Was the programme required to be balanced?

[21]  The balance standard (Standard 8) states that when controversial issues of public importance are discussed in news, current affairs and factual programmes, broadcasters should make reasonable efforts, or give reasonable opportunities, to present significant points of view either in the same programme or in other programmes within the period of current interest. The standard exists to ensure that competing viewpoints about significant issues are presented to enable the audience to arrive at an informed and reasoned opinion.

The parties’ submissions

[22]  Ms Matthewson submitted that the caller’s ‘valid’ views were not acknowledged by the host.

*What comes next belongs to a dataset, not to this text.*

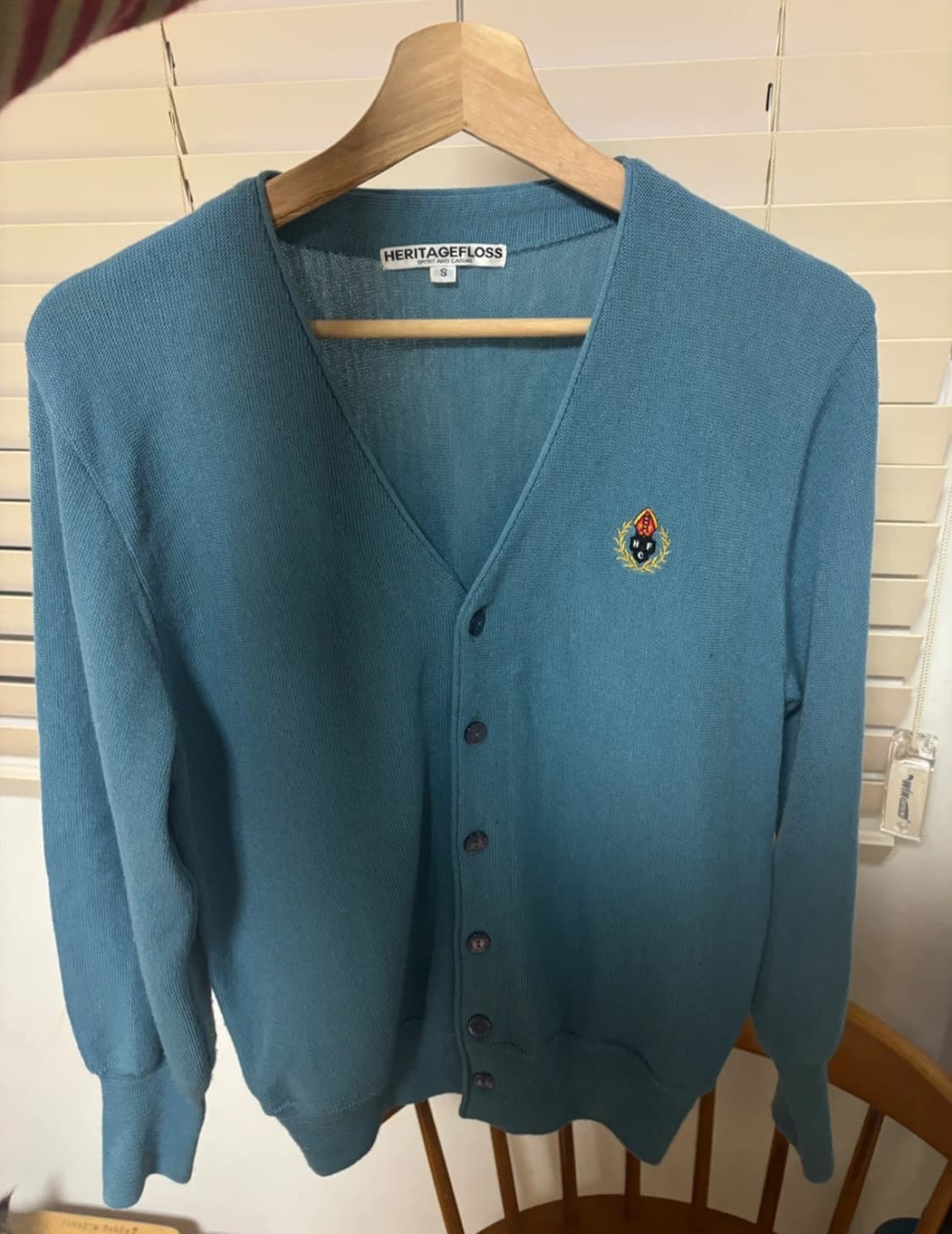 헤리티지플로스 크레스트 울 가디건 스카이블루 23SS 상품이미지2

[23]  NZME submitted that the balance standard only applied to news and current affairs programmes, and the item in question was talkback so the standard was not applicable.

Our analysis

[24]  We do not consider this particular segment amounted to news, current affairs or factual programming to which the balance standard applied. This was clearly a sports talkback segment and in our view analogous to ‘programmes which are wholly based on opinions or ideas’, which are generally not considered to be news or current affairs.6

[25]  We therefore do not uphold the balance complaint.

For the above reasons the Authority does not uphold the complaint.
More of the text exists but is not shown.